Subpart 22.12 Nondisplacement of Qualified Workers Under Service Contracts
22.1200 Scope of subpart.
This subpart prescribes policies and procedures for implementing Executive Order 13495 of January 30, 2009, Nondisplacement of Qualified Workers Under Service Contracts, and related Secretary of Labor regulations and instructions (see 29 CFR part 9).
As used in this subpart
“United States” means the 50 States, the District of Columbia, Puerto Rico, the Northern Mariana Islands, American Samoa, Guam, the U.S. Virgin Islands, Johnston Island, Wake Island, and outer Continental Shelf as defined in the Outer Continental Shelf Lands Act (43 U.S.C. 1331, et seq.), but does not include any other place subject to United States jurisdiction or any United States base or possession in a foreign country (see 29 CFR 4.112).
(a) When a service contract succeeds a contract for performance of the same or similar services, as defined at 29 CFR 9.2, at the same location, the successor contractor and its subcontractors are required to offer those service employees that are employed under the predecessor contract, and whose employment will be terminated as a result of the award of the successor contract, a right of first refusal of employment under the contract in positions for which they are qualified. Executive Order 13495 generally prohibits employment openings under the successor contract until such right of first refusal has been provided, when consistent with applicable law.

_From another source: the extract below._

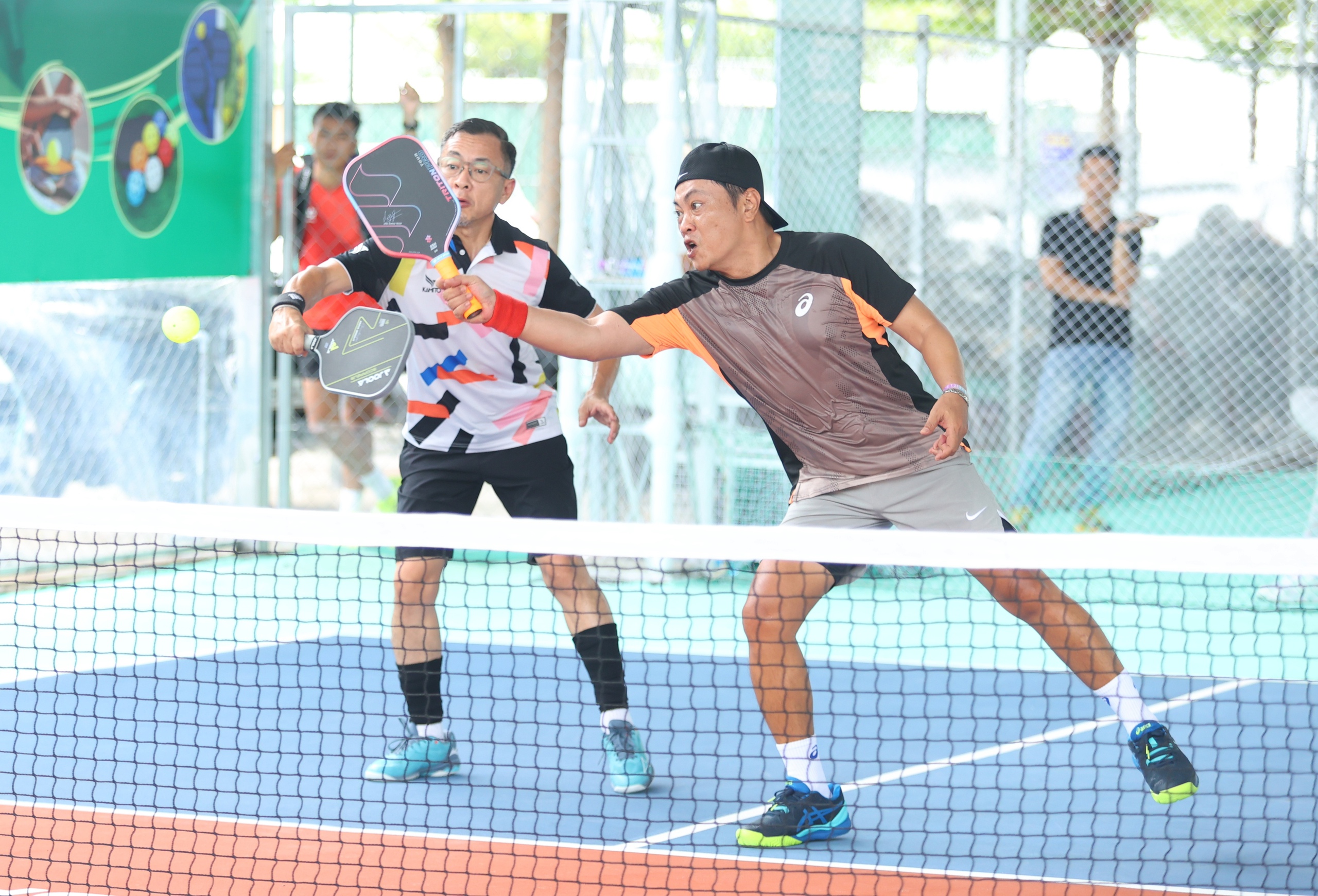 Giải pickleball Báo Thanh Niên và những người bạn đồng hành: Gây quỹ cho Cùng con đi tiếp cuộc đời- Ảnh 26. Giải pickleball Báo Thanh Niên và những người bạn đồng hành: Gây quỹ cho Cùng con đi tiếp cuộc đời- Ảnh 26.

(b) Nothing in Executive Order 13495 shall be construed to permit a contractor or subcontractor to fail to comply with any provision of any other Executive order or law. For example, the requirements of the HUBZone Program (see subpart 19.13), Executive Order 11246 (Equal Employment Opportunity), and the Vietnam Era Veterans’ Readjustment Assistance Act of 1974 may, in certain circumstances, conflict with the requirements of Executive Order 13495. All applicable laws and Executive orders must be satisfied in tandem with, and if necessary prior to, the requirements of Executive Order 13495 and this subpart.
This subpart applies to service contracts that succeed contracts for the same or similar services (29 CFR 9.2) at the same location.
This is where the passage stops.